What do Stephen King’s The Dark Tower Series, Cats: The Musical, and “hipster-ism” all share in common? T. S. Eliot, of course. Book III of The Dark Tower is the name of Eliot’s most famous poem, The Waste Land; Cats is based loosely on Eliot’s “Old Possum’s Book of Practical Cats”; and The Atlantic has explored the primacy of Prufrock’s rolled-up pant-cuffs arguing that, in fact, he may have been the archetypal hipster.

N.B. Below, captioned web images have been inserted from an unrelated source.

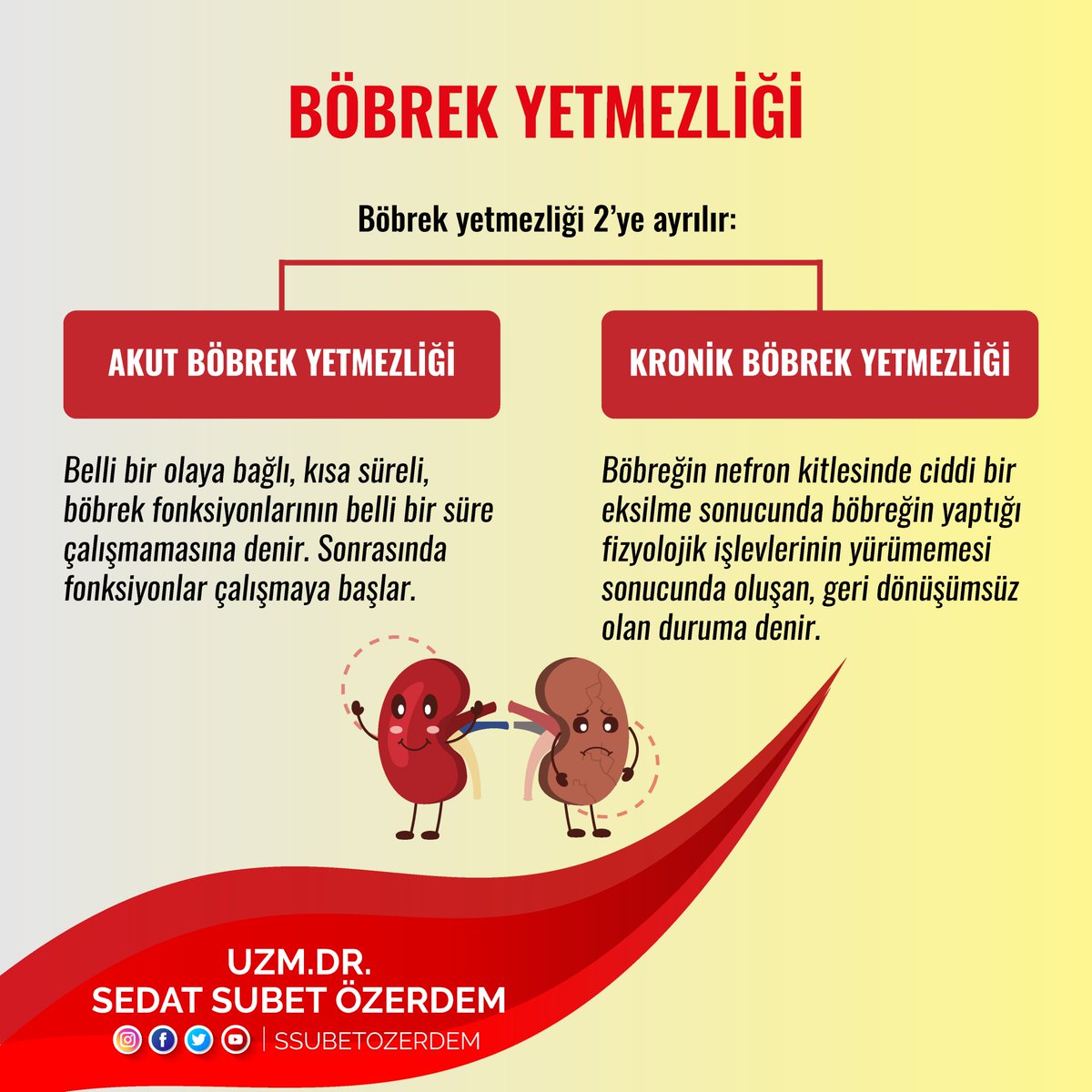 Böbrek Yetmezliği 2'ye ayrılır: Akut Böbrek Yetmezliği ve Kronik Böbrek Yetmezliği...
#sedatsubetozerdem #ailenizindoktoru #içhastalıklarıuzmanı #böbrekhastalıkları #böbrekyetmezliği #hasta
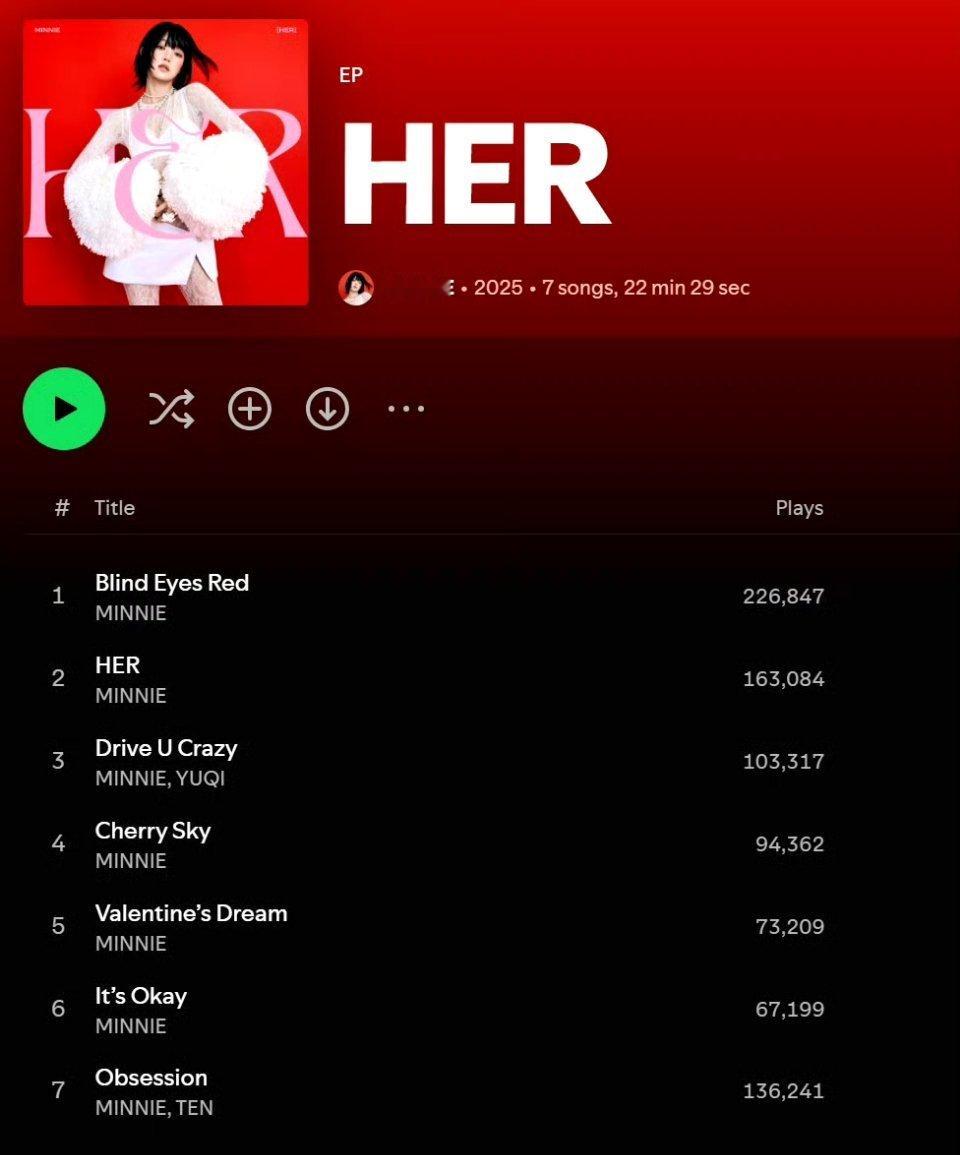 MINNIE 迷你一辑《HER》Spotify专辑首日未过滤流媒：864,259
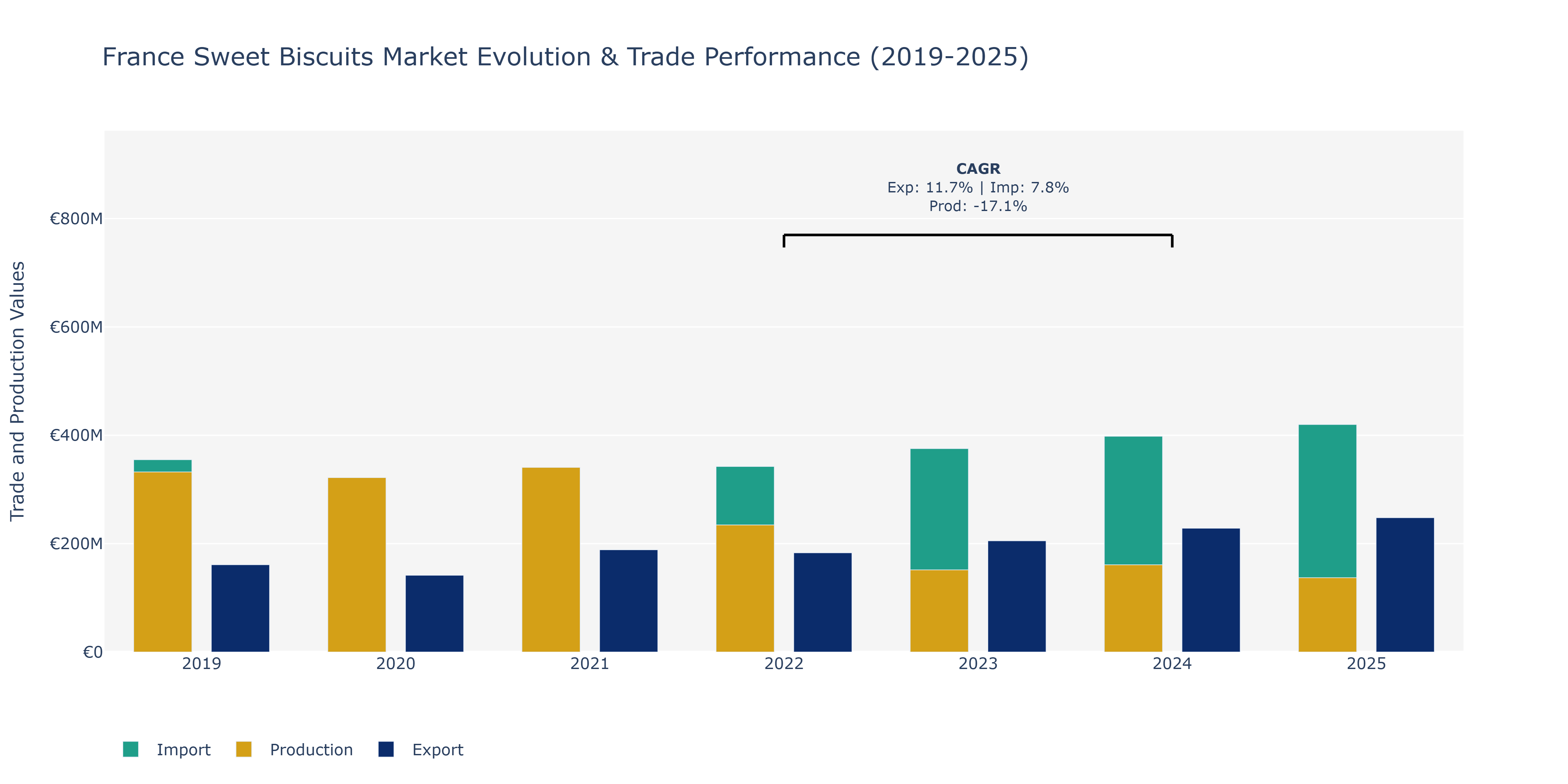 France Sweet Biscuits Market: Production & Trade Performance (2019-2025) Size
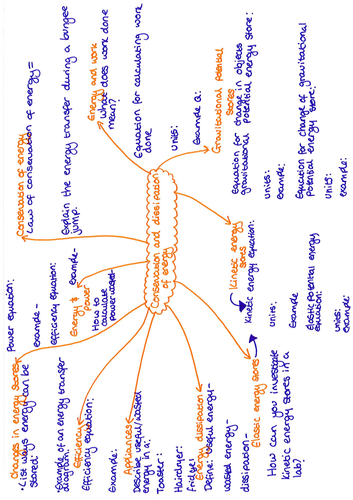 Energy Revision Question Mat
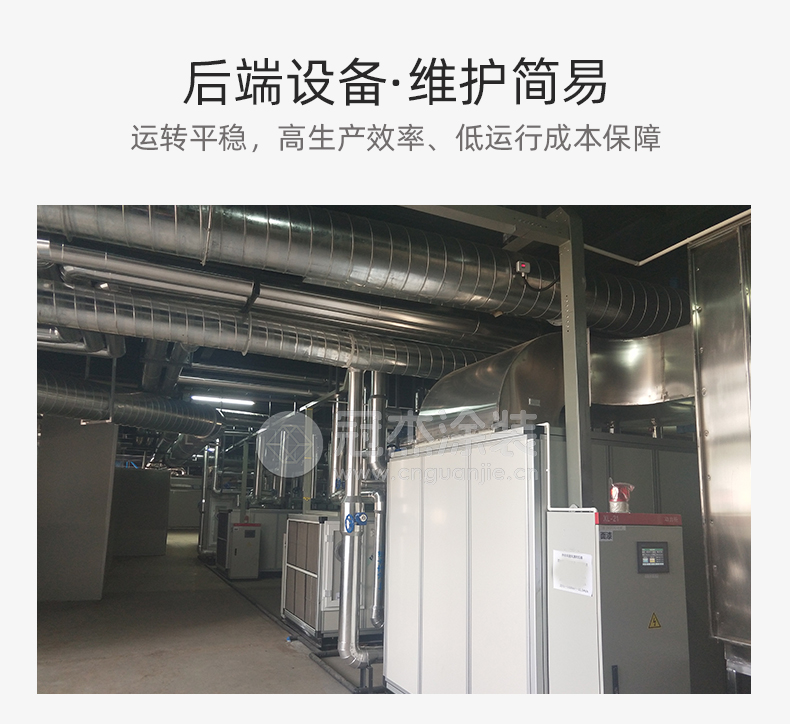 重庆某某赛汽车部件有限公司汽车门内板总成涂装生产线后端设备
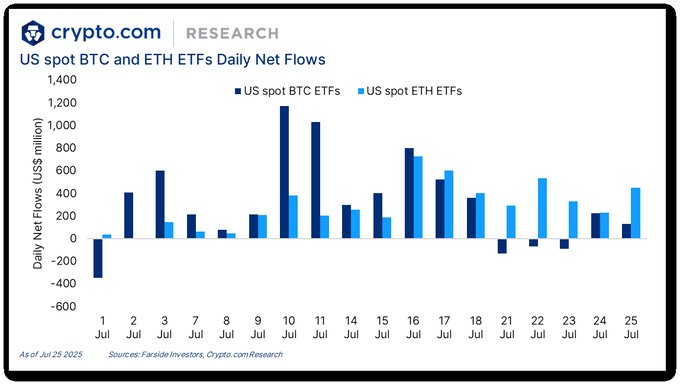 2025年7月1日至7月25日美国现货BTC和ETH ETF每日净流入图表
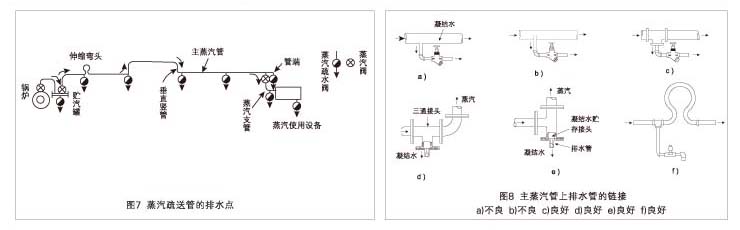 疏水閥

Christian readers have a literary, moral, and theological obligation to assess the materials they consume and the character of their originators.Eliot remains today a fixture in modern literature and popular culture. One cannot peruse an anthology of modern poetry without encountering his works. For many of us, it was an unforgettable awakening when we first read of the “life measured out with coffee spoons,” in “The Love Song of J. Alfred Prufrock,” and a delight, albeit a perplexed one, at encountering “fear in a handful of dust” in The Waste Land with all its angst and esoterica. For the Christian reader, there is the more complete joy at discovering that the once dark, abstruse Ezekiel allusions in “The Burial of the Dead” blossomed into an exquisite collection of Christian poetry in Four Quartets. In short, for many Christians, Eliot is a touchstone, an undeniable, intellectual fixture of his era, counted among the likes of John Donne, Blaise Pascal, Kierkegaard, Lewis, Tolkien, and others. He is a go-to figure whenever Christians are berated as anti-intellectual and prudish, or even unartistic.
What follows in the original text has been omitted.